USPS needs better management procedures for Parcel Select contracts, says GAO
A new report from the US Government Accountability Office (GAO) has found that US Postal Service needs to improve its management procedures for Parcel Select contracts. The GAO report, which was published on 23 April and made publicly available yesterday (26 May), claimed that the USPS’s standard procedures, established in June 2014, “lack documentation requirements and clearly defined management responsibilities for some activities”.
The GAO report gave, as an example, the finding that “the procedures do not require USPS to document some key management decisions, such as USPS’s decision to forego additional revenue when a mailer did not ship a minimum volume of packages, as contractually required”.
Furthermore, according to GAO, USPS’s costing method for Parcel Select negotiated service agreements (NSAs) does not account for package size or weight or use contract-specific cost estimates.
According to GAO: “Each Parcel Select NSA is required to earn sufficient revenues to cover USPS’s costs – referred to as “attributable costs” in the postal context. The Postal Regulatory Commission (PRC), which annually reviews compliance, determined that each contract met this requirement. However, USPS’s analysis of attributable costs for Parcel Select NSAs is limited, because USPS has not studied the impact of package size or weight on specific contracts or developed contract-specific cost estimates.”

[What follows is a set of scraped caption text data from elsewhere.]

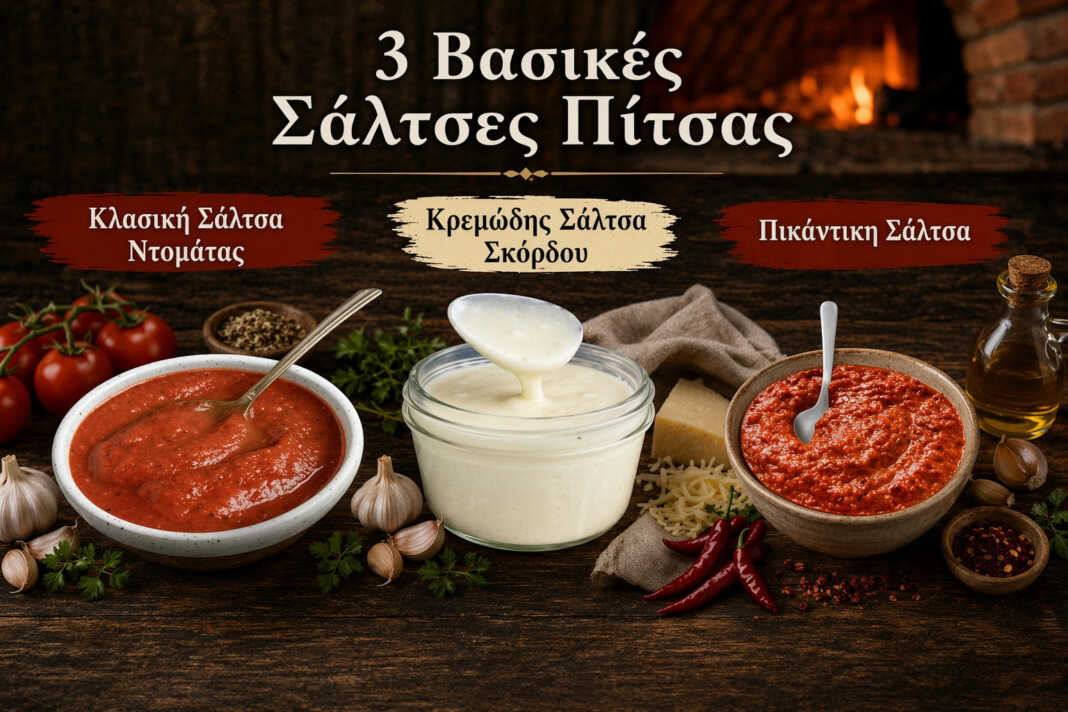 3 βασικές σάλτσες πίτσας: κλασική ντομάτας, λευκή κρεμώδη και πικάντικη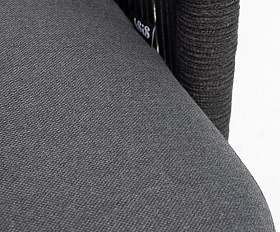 Верона левый модуль плетеный из роупа, каркас алюминий темно-серый (RAL7024) муар, роуп темно-серый круглый, ткань темно-серая 027, L131х89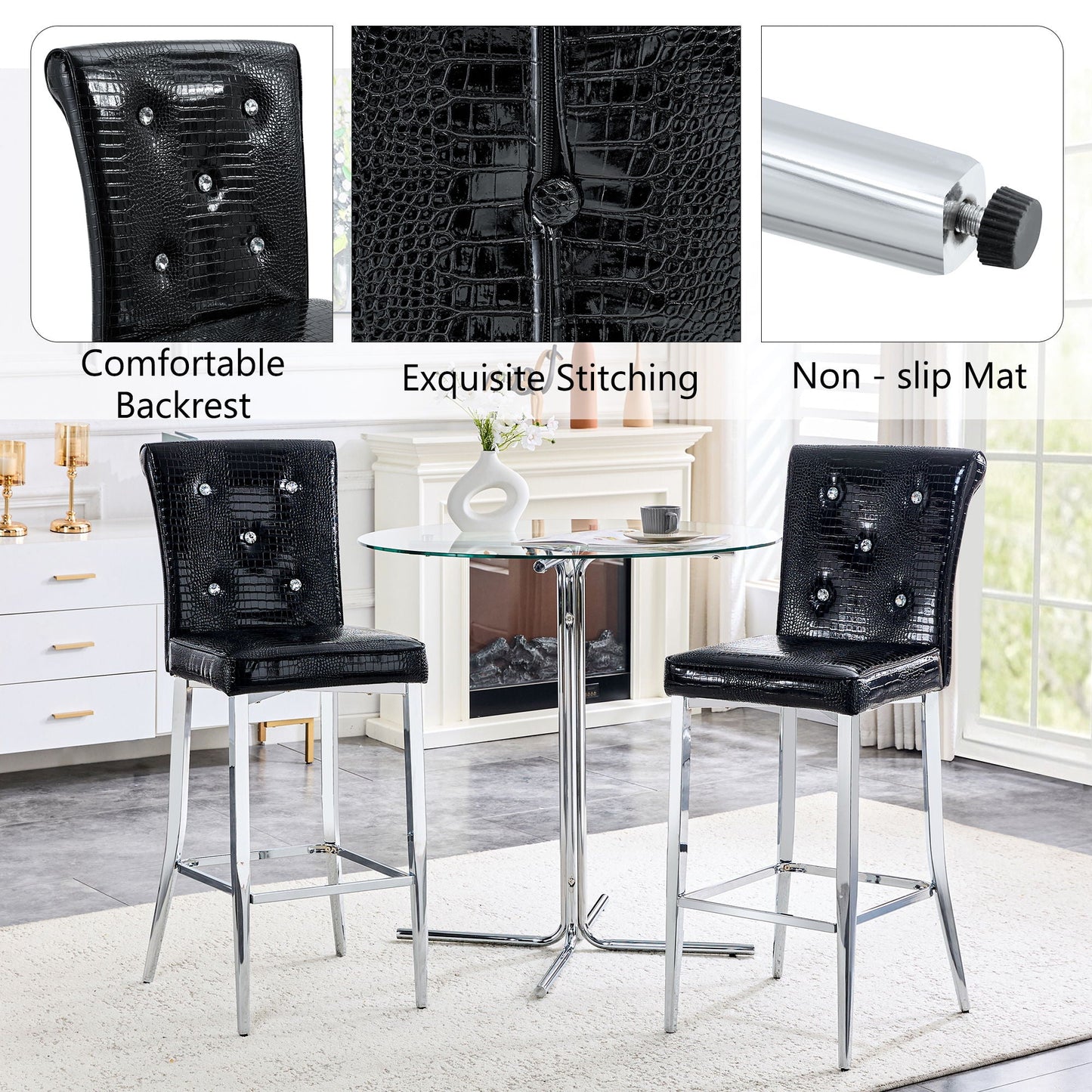 Bar Chairs & Crystal Clasp Design (Set of 2)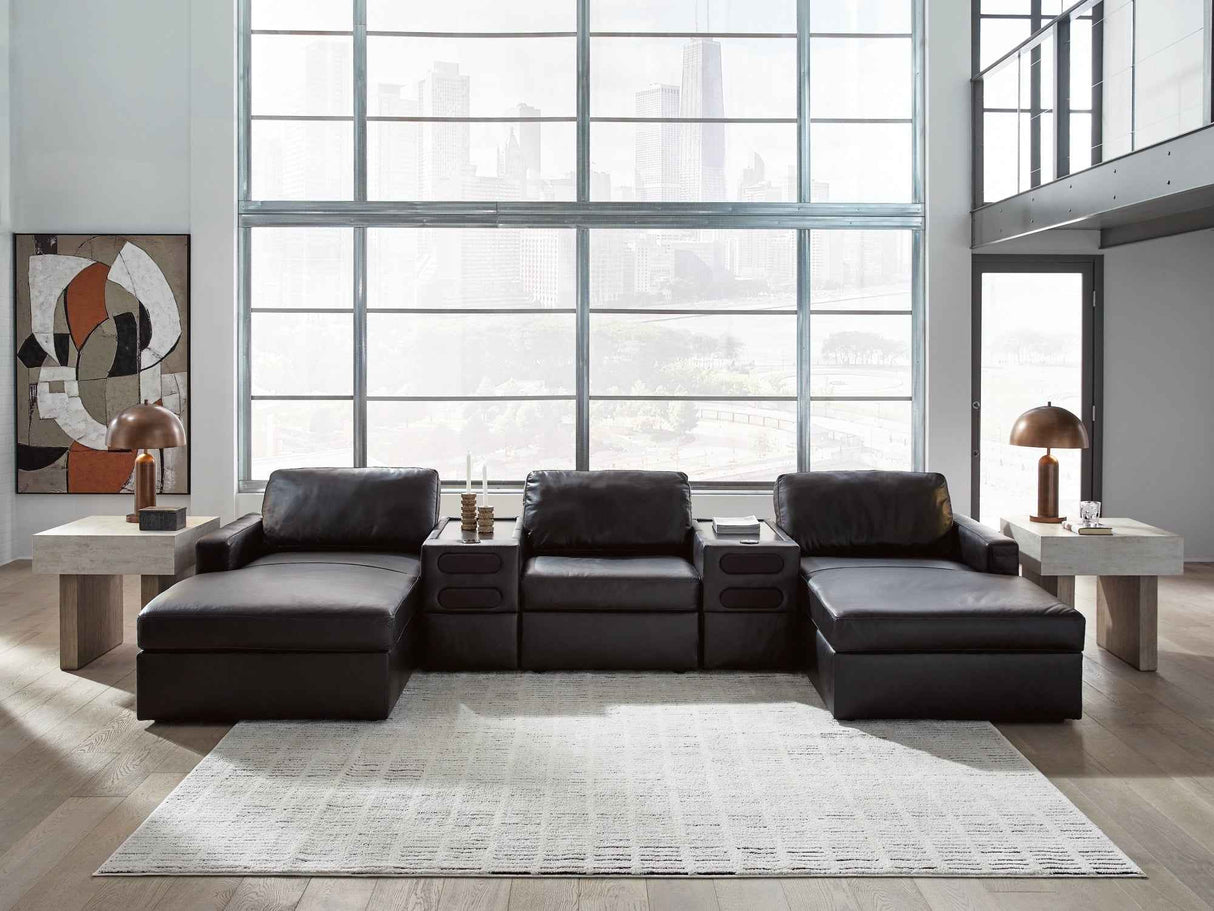 ModMax II Black 5-Piece Double Chaise Sectional with Audio Consoles by Ashley at Eve Furniture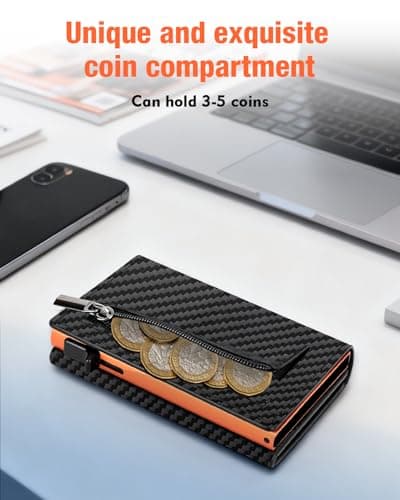 Mens Wallets Credit Card Holder | Wallets for Men with Magnetic Closure & Coin Pocket & ID Window | Minimalist Smart Pop Up Leather Wallet | RFID Card Cases for 12 Cards | Cash Slot | Black & Orange — view 5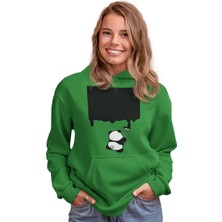 Terzili Giyin Boyacı Panda Ön Baskılı Sweatshirt Kadın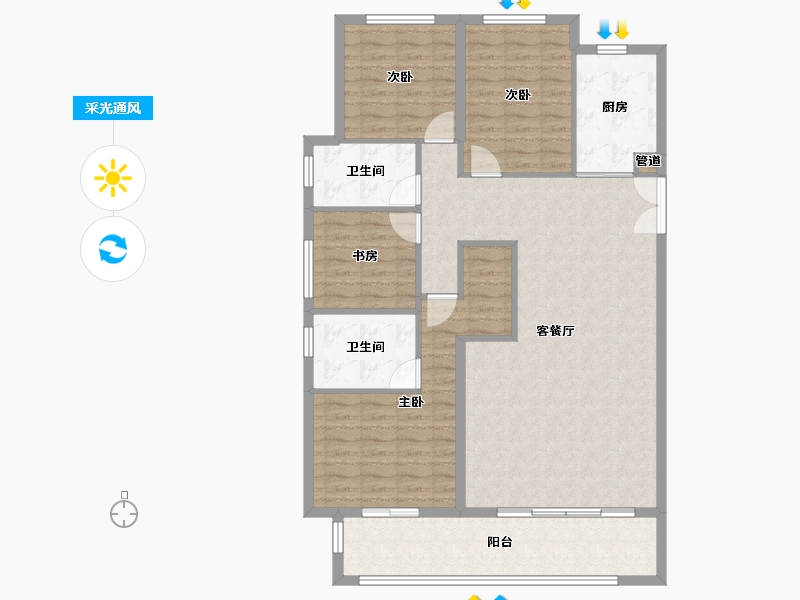 河南省-郑州市-青云筑-120.40-户型库-采光通风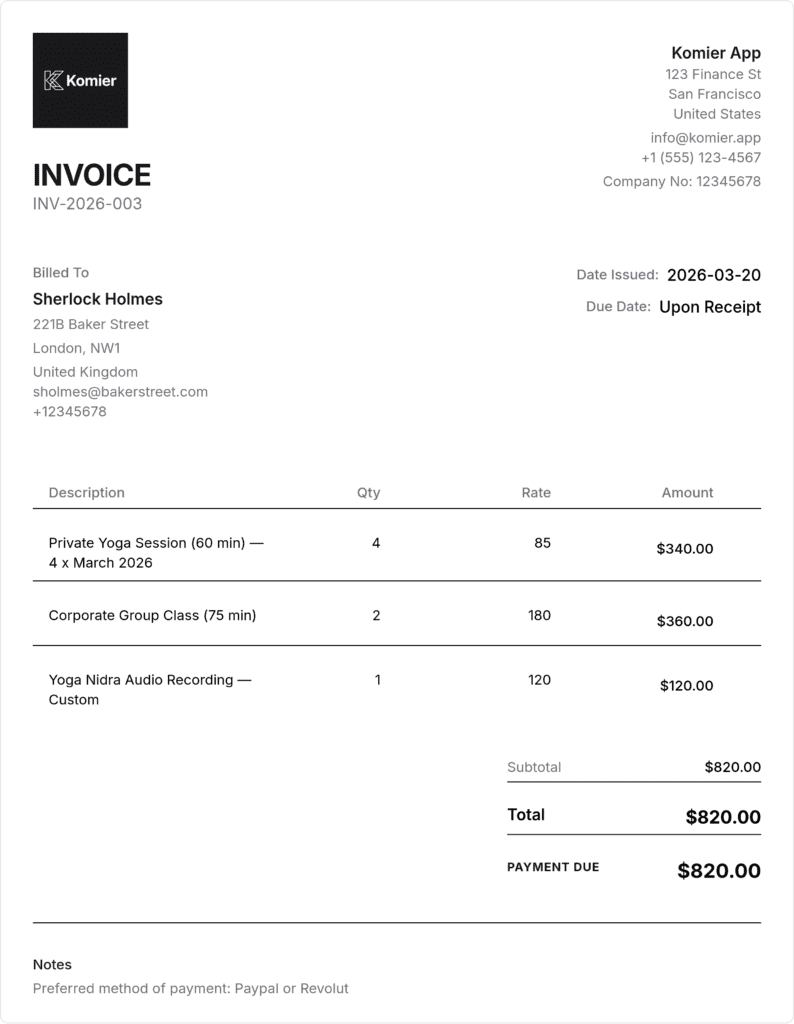 yoga teacher invoice template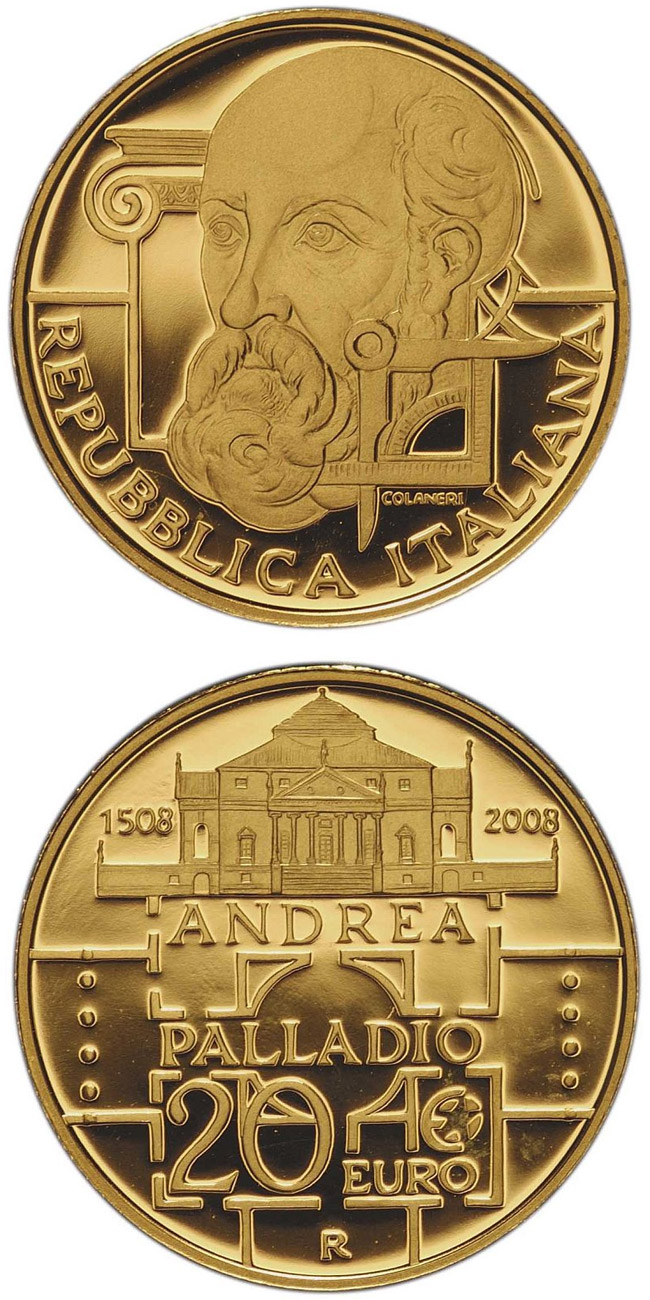 Image of 20 euro coin - 500. birthday of Andrea Palladio | Italy 2008.  The Gold coin is of Proof quality.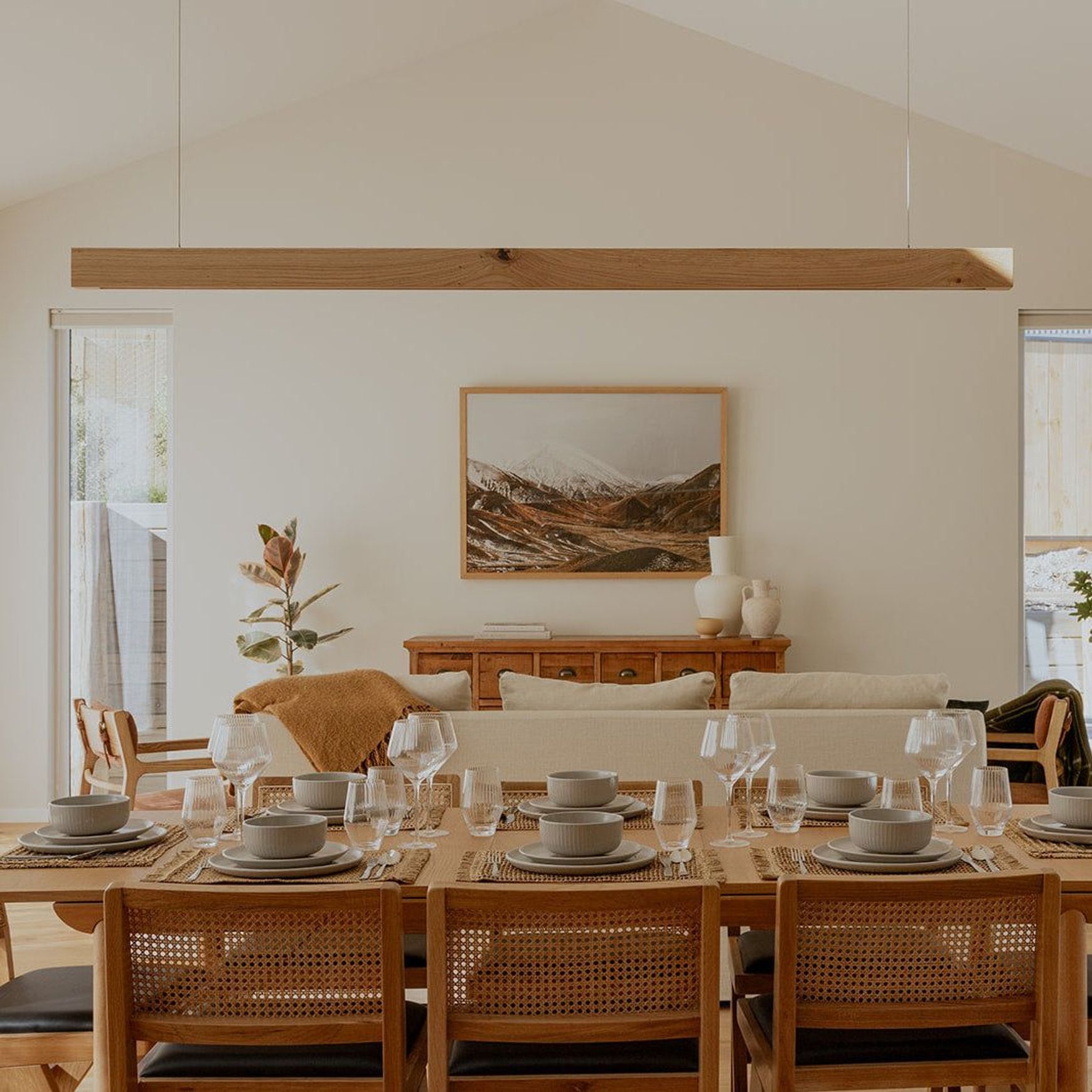 Capsühl Linear LED Pendant Oak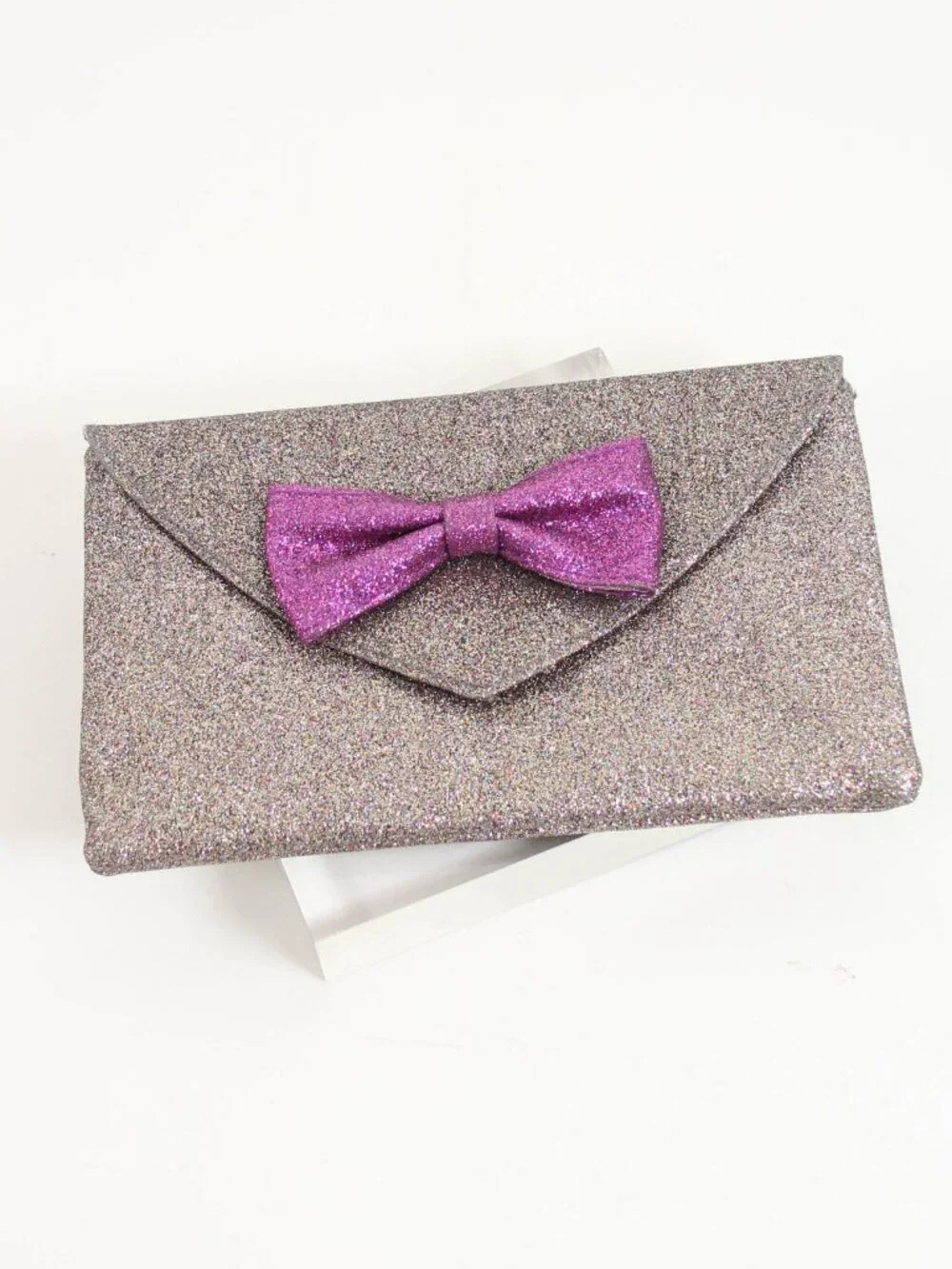 Anthropologie Mrs. Albright Glitter Bow Envelope Clutch Pink Rose NWT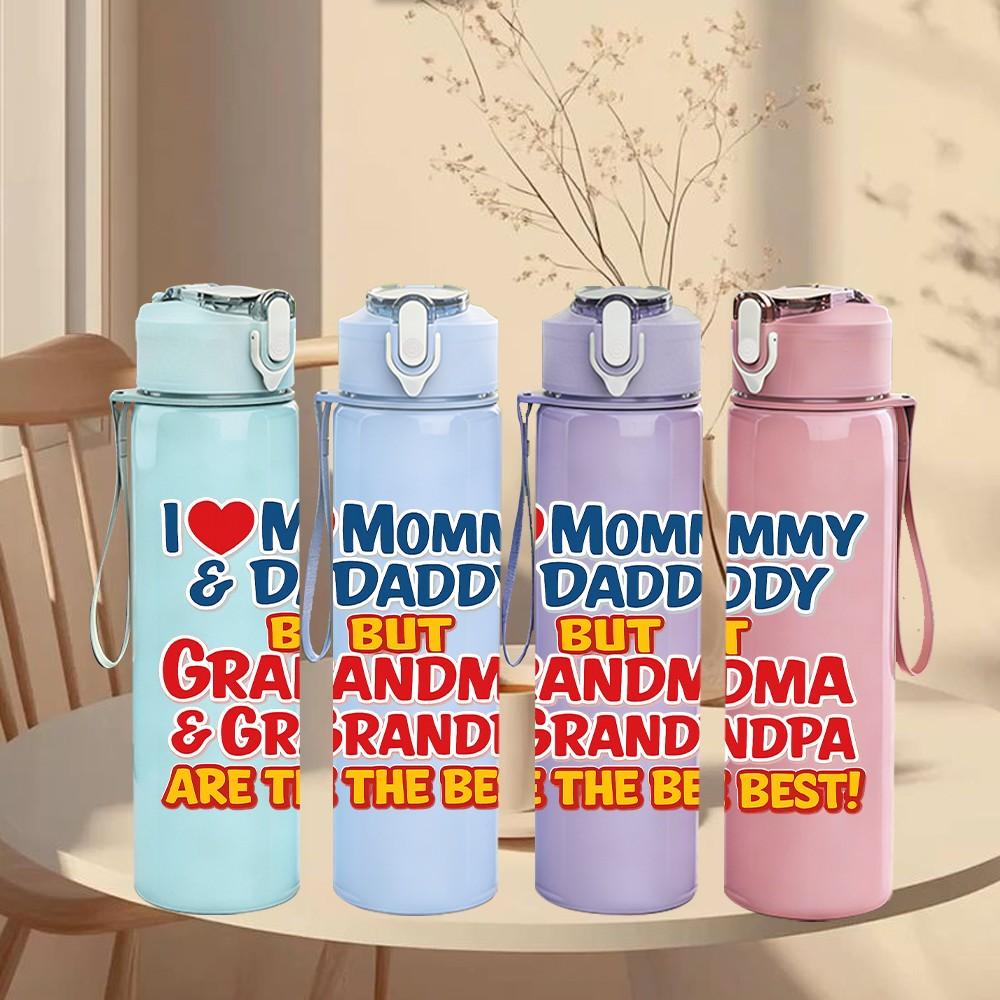 1PC I Love Mommy Daddy 750ml Color Plastic Sports Water Bottle Leakproof Flip Straw Lid Suitable for Sports Office Home Use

GAO has recommended that USPS update its standard procedures to address the “gaps in documentation requirements and contract management responsibilities”. Furthermore, it argued that USPS should “identify cost-effective methods to collect and study information on delivery costs for Parcel Select packages of varying characteristics to develop contract-specific attributable cost estimates”.
Concluding its report, GAO noted that “USPS agreed with these recommendations, but stated that the cost impact of package size and weight is likely small given where these packages enter the mail stream”.